**Supplied data:**
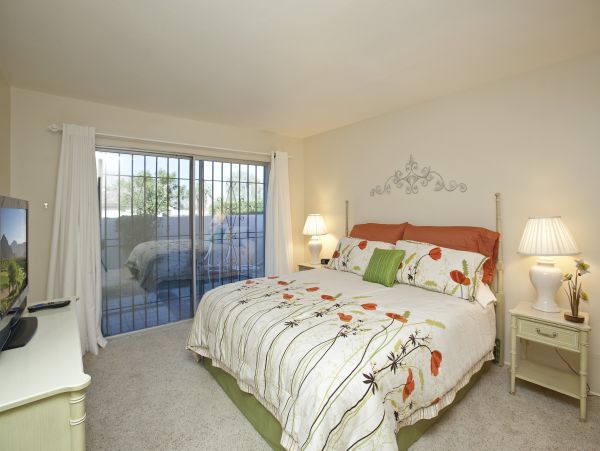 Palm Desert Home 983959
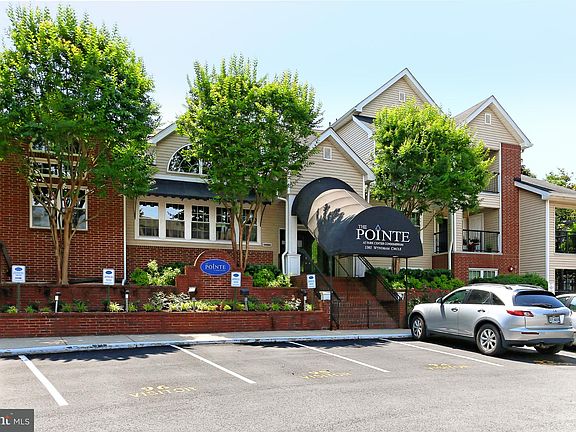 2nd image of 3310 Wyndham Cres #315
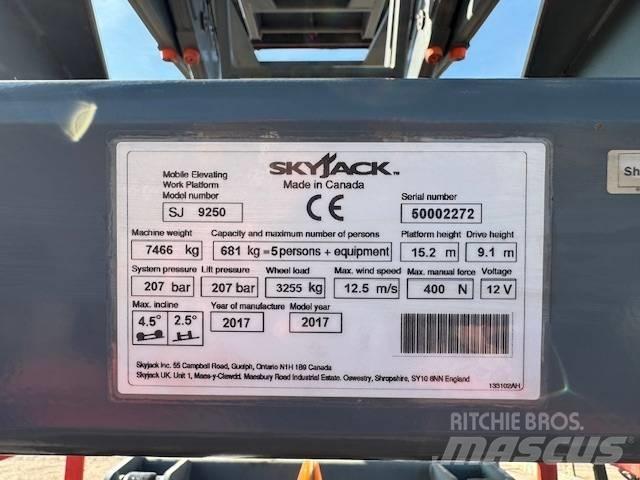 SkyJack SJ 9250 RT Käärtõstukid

...

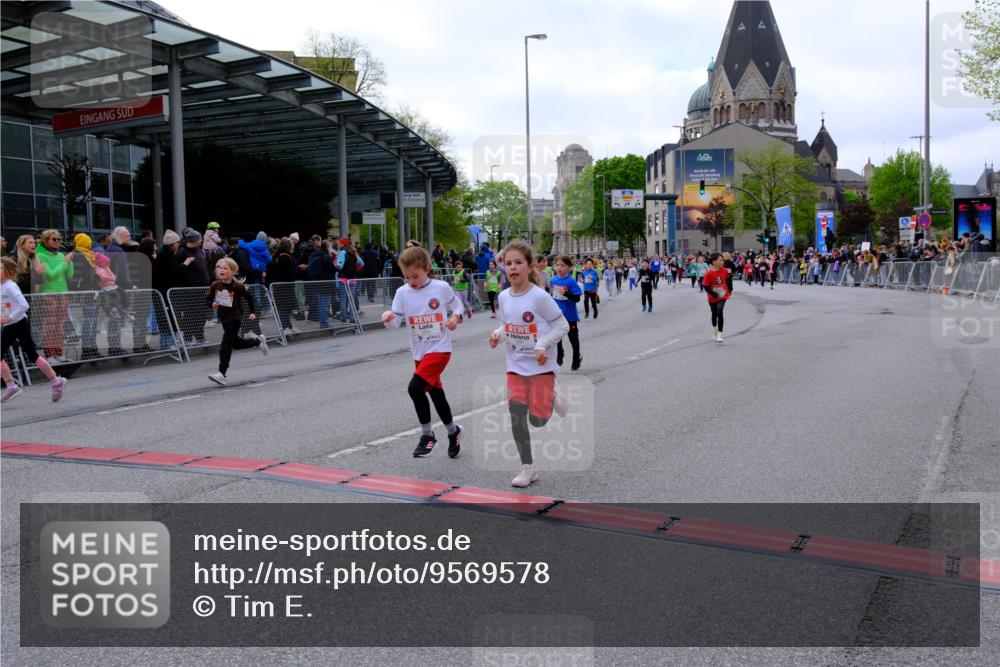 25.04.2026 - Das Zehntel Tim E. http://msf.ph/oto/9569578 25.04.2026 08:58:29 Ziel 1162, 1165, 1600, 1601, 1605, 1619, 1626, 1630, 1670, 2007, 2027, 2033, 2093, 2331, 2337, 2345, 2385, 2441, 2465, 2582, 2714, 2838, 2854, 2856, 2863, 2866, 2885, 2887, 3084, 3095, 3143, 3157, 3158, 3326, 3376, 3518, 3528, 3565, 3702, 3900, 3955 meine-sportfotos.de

**How to complete this task:**
Exact copy, pictures excluded: every line above from the one containing "2nd image of 3310 Wyndham Cres #315" to the one containing "SkyJack SJ 9250 RT Käärtõstukid", inclusive, and nothing more.

**Exercise response:**
 2nd image of 3310 Wyndham Cres #315
 SkyJack SJ 9250 RT Käärtõstukid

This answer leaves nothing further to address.